[can of worms]
Hmm... Researching, it looks like this was an issue of theory meeting practice and in theory I was wrong...
Steamking said:
I don't think so. Using the waste heat to boil the water into steam, run the steam thru a turbine, and re-condense it for a closed system necessarily introduces additional inefficiencies into the process of turning waste heat into electrical energy.
I'm not saying the added steam plant is 100% efficient. What I'm saying is that the added steam plant does not ever harm the efficiency of the ICE you connect it to and if anything will improve the efficiency due to the lower exhaust manifold pressure it creates - in addition to recovering some of the waste heat.
A turbocharger, on the other hand, obstructs the flow of the exhaust and
can harm the [fuel] efficiency of the engine. Because there are several different possible cases for comparing, there isn't a single answer on fuel efficiency...
cjl said:
...a turbocharged engine...is indeed more efficient than a naturally aspirated engine of the same power output.
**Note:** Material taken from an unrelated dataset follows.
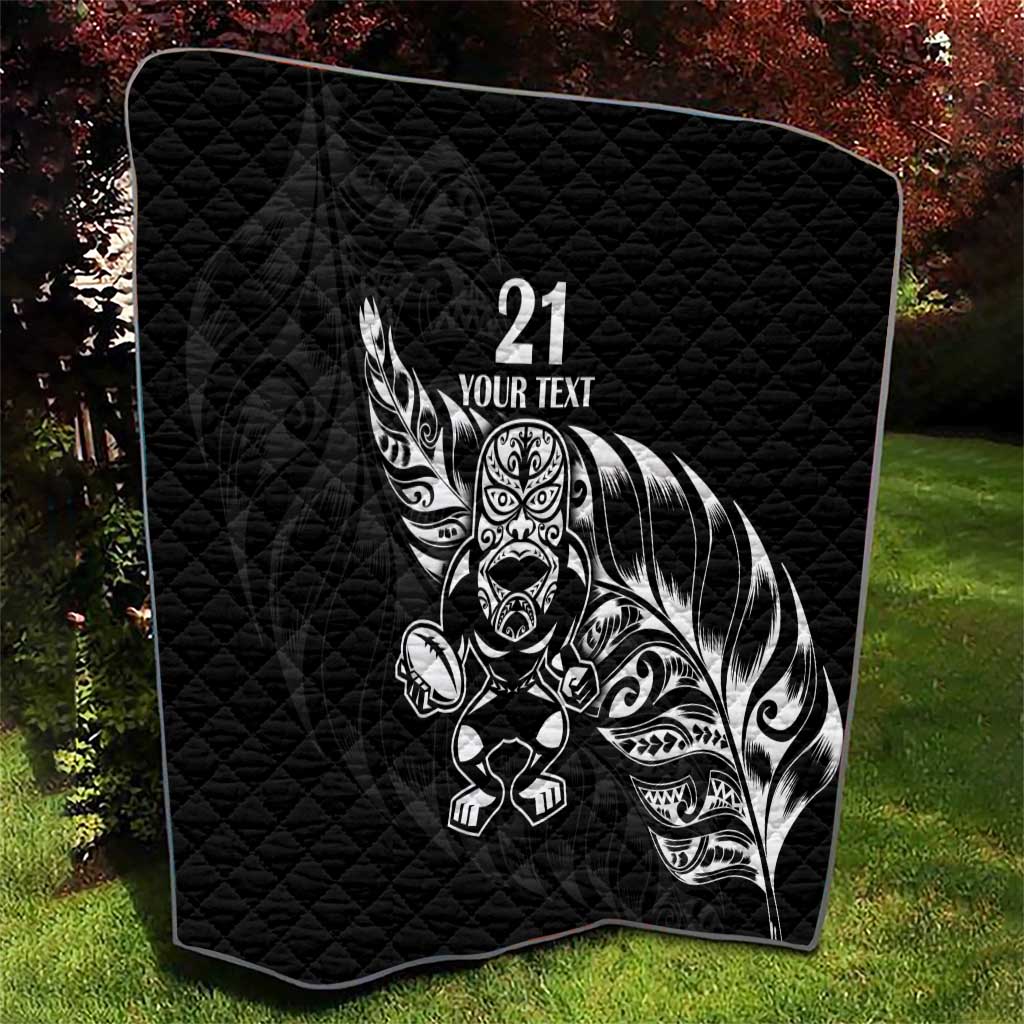 New Zealand Rugby Custom Quilt Opango All Black Fern LT9 - Polynesian Pride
That's a little tricky due to the several ways to generate the same power output:
Case 1: Smaller displacement engine of the same peak power as a larger displacement engine. This will generally be more efficient. But that isn't the scenario being discussed:
Case 2 (OP Scenario): Retrofit an existing engine for a turbo. Efficiency will be improved in some of the operating range, but not all of it - particularly not in the lower end or at idle.
Case 3 (OP alternate): Turbo running a generator. It may hold an advantage in total system efficiency due to the higher efficiency of the electric generator vs the car engine.
Some examples:
I drive a Kia Optima, which has the following engines/fuel economies:
2.4L, 200hp -- 28 mpg combined
2.0L Turbo, 274hp -- 26 mph combined
I drive the turbo. The combined fuel economy I get is even worse due to very bad city fuel economy. Seems at idle it still uses a lot of fuel to keep the turbo spinning.
Conversely, here's an article about a VW, with a 2.0 and 2.0 turbo:
http://www.autospeed.com/cms/A_109931/article.html
The turbo is slightly more efficient.
It is likely true that the smaller the engine, the more benefit and less penalty you get from a turbo since the smaller engine will tend to be running at a higher fraction of full power.
My view of the steamer concept for heat recovery is that it probably has more potential for efficiency increases because it isn't at all parasitic at idle, unlike the turbo.